Lo acontecido con Venezuela (a la hora de redactar el artículo) se puede vislumbrar y analizar con diversas ópticas. Todo de acuerdo con cómo se vayan presentando, de veloz manera, los inmediatos acontecimientos. El gobierno estadounidense ha evacuado algún personal (con su familia más cercana) diplomático y consular. «No determinante» (en su criterio) para el desempeño de sus funciones. De manera coetánea entrega las credenciales a Juan Guaidó, como reconocimiento pleno de su representación oficial. Es decir, para el gobierno de Estados Unidos es el inequívoco presidente. ¡El personal diplomático y consular restante permanecerá en suelo venezolano, amparado por la Convención de Viena!

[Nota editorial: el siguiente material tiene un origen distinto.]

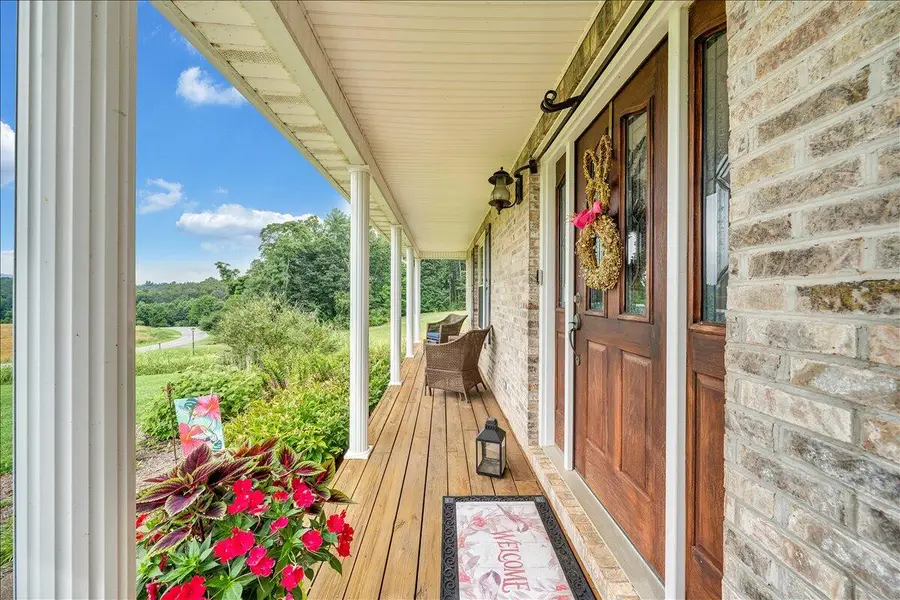 275 Creighton Dr, Rocky Mount, VA 24151 - #3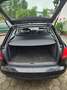 Audi A4 A4 Avant Diesel Avant 2.0 TDI Schwarz - thumbnail 6
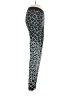 Nike Animal Print Black Leggings Size S - photo 4
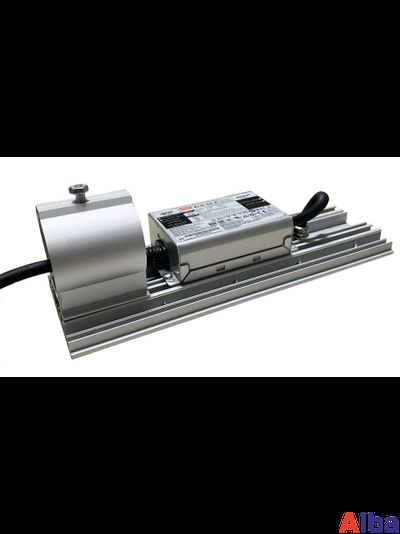 Уличный светильник STREET Р60-1П Light гарантия 3 года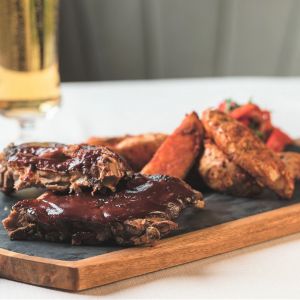 Fotografie Monte - 4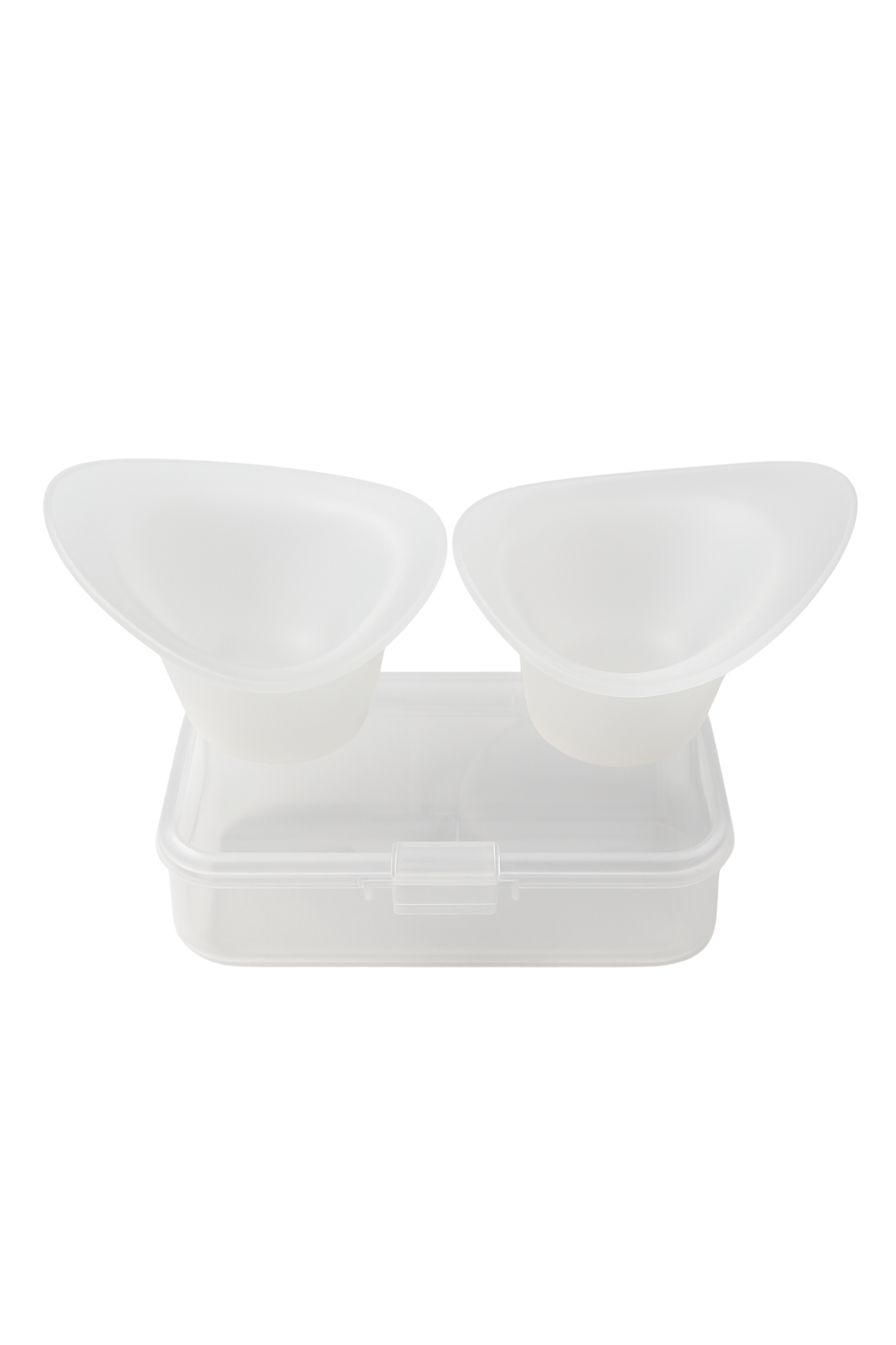 KOREAN GOOGLES - WARMING SYSTEM - Tecnica Coreana España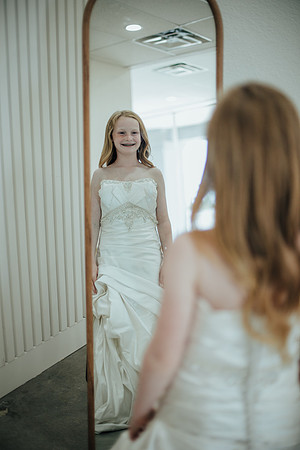 Scott Bridal_029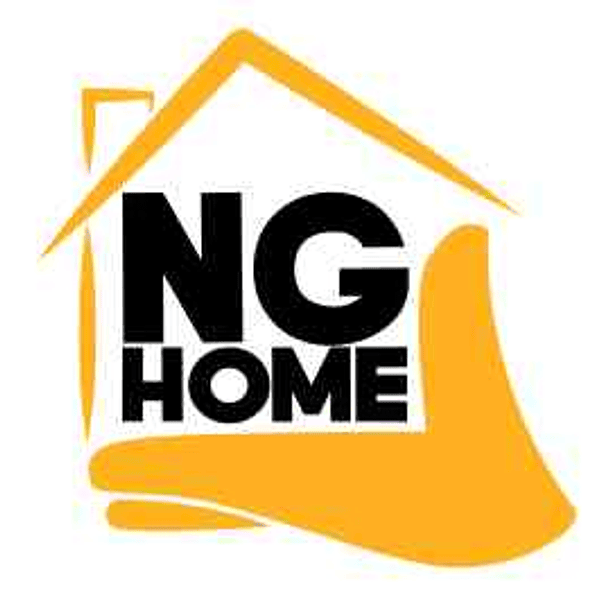 Cama Escala Soft Super King | By NG Home 3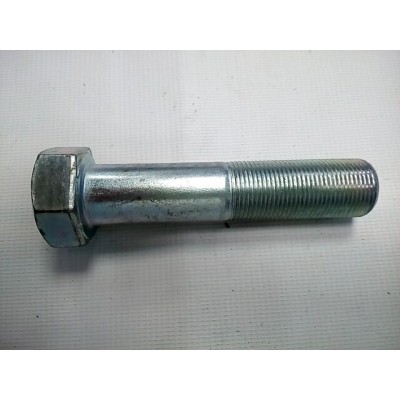 Болт М22х1,5х100 кл.пр.10.9 109-6022100-101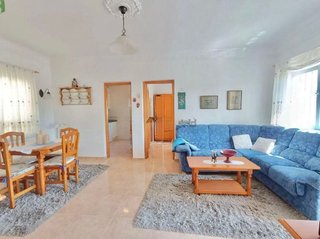 Chalet en venta en Playa de los Locos en Torrevieja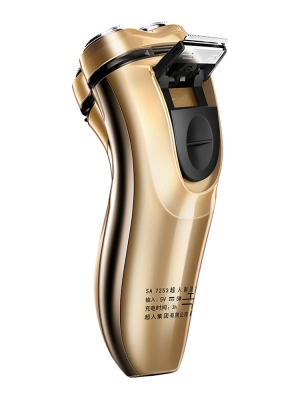 赤峰名品剃須刀維修電話號(hào)碼-第1張圖片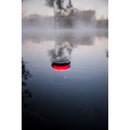 Streamlight The Siege Lantern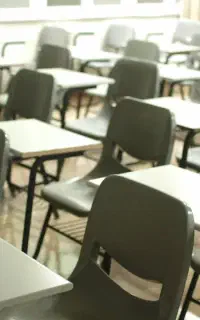 تدریس عربی و ادبیات پارسی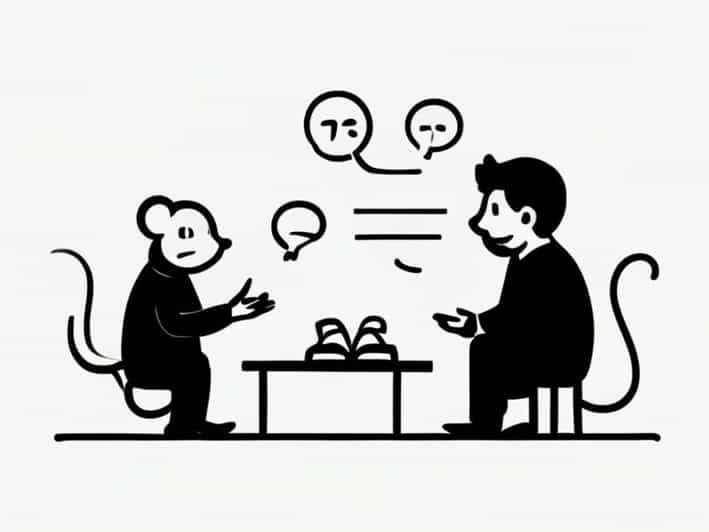 Of Mice And Men Socratic Seminar Questions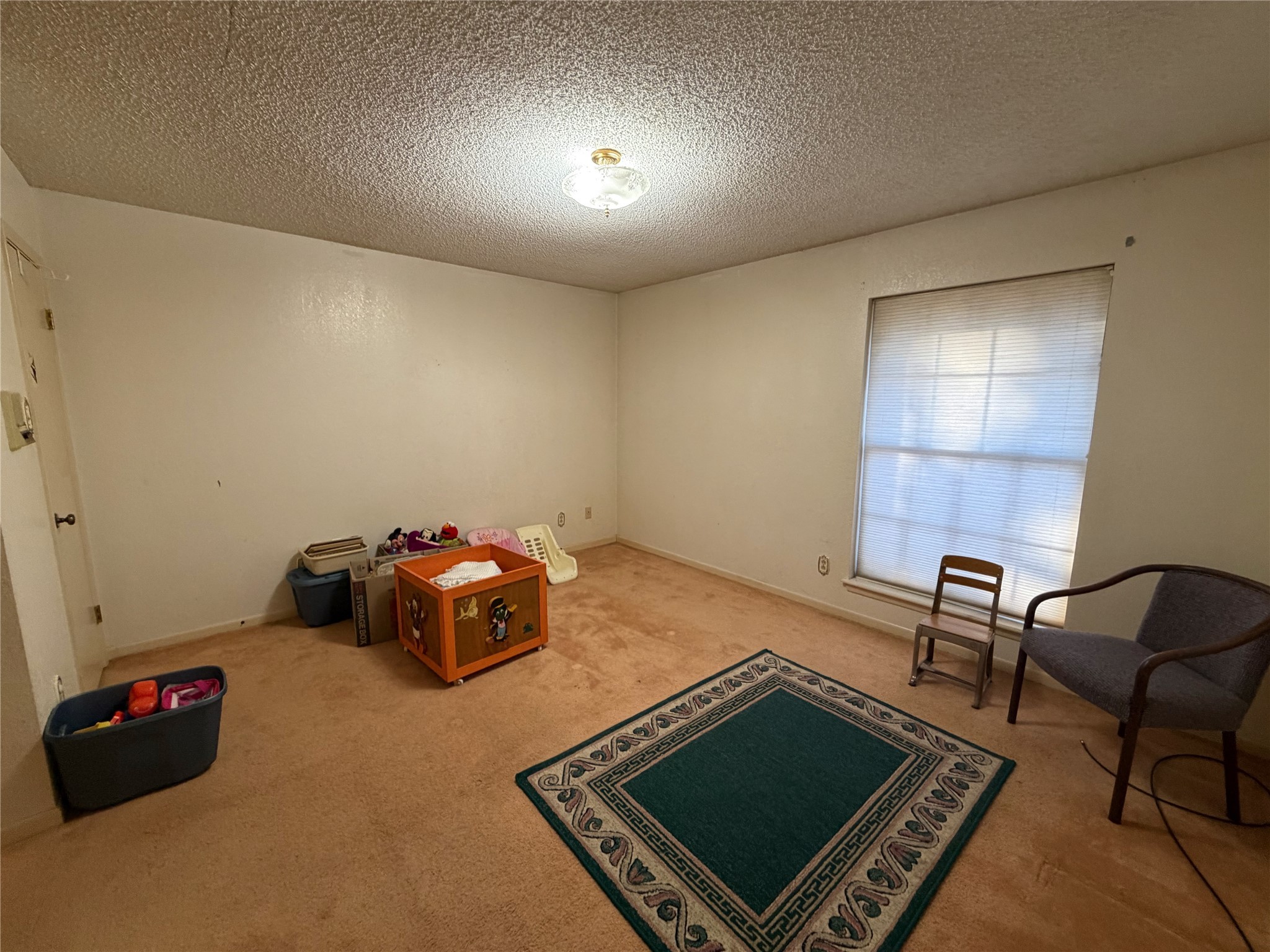 1218 Nottingham Road Abilene TX 79602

El vicepresidente del PSUV, con su particular y escatológica jerga anuncia que «cortará la luz, agua y gas» a la sede diplomática. No sé si ordenará al Sebin que se le prohíba el desplazamiento por la ciudad a los diplomáticos y, si en definitiva, se ejercerá en contra de ellos el acostumbrado modus operandi represivo, ¡con las consecuencias fácticas y diplomáticas que tal hecho derivaría!

Ya la señora abogado, con nacionalidad compartida estadounidense-venezolana, ha advertido lo que eventualmente emanaría. Se trata de la misma fémina a quien el difunto le solicitó «masajes en el cuello», en una de sus habitaciones presidenciales. Luego de apagar la grabadora, dando por concluida la entrevista y proseguir con la acostumbrada lascivia, conducta de vil atropello por él acostumbrado. Les ha indicado claramente, la dama en cuestión, al totalitarismo lo que significaría un hecho de violencia o coerción incoado en contra de sus diplomáticos. De tal manera que estas horas son cruciales para desmadejar la maraña.

De igual modo se ha derramado en los últimos dos días, otra vez, en este bochornoso y fatal ciclo, sangre venezolana. Cifras serias emanadas de organizaciones representativas de la sociedad civil hablan de más de 20 muertos. La violencia represiva del gobierno se hace sentir con reiterada y asesina impertinencia. Padecen -el totalitarismo- de sordera crónica ante varias declaraciones alternas provenientes de figuras variadas y representativas de la política oficial estadounidense. El almirante jefe del Comando Sur señala -exhortando a Maduro y su Combo- que se «acojan a la amnistía, que eventualmente promulgaría Guaidó, para salir de manera negociada del país sin que se les obligue el retorno. El senador republicano Rubio -sin ser vocero oficial de Trump-, pero su evidente «consejero político», anuncia día a día que si se desata la violencia en contra de diplomáticos, connacionales y venezolanos en general, Trump estará dispuesto a actuar con todos los medios y formas con que dispone. De igual manera la declaración emitida por la presidente de la Cámara de Representantes del partido demócrata.

Si en definitiva la Liberación Nacional de Venezuela se realiza en lo inmediato, habrá de reconocerle a Donald Trump (presidente republicano) parte del mérito innegable que le corresponde. Para Venezuela, tal hecho significará y superará todas las expectativas precedentes y puntuales que otrora se crearon, emanadas de las ejecutorias de los presidentes demócratas Franklin Delano Roosevelt y John Kennedy.

Vale la pena recordar en esta hora crucial para la República la lapidaria frase emitida por Juan Vicente Gómez con motivo de otorgarle la libertad -luego de 14 años de cautiverio- al general Román Delgado Chalbaud en 1928: «Qué culpa tiene la estaca si el sapo brinca y se ensarta».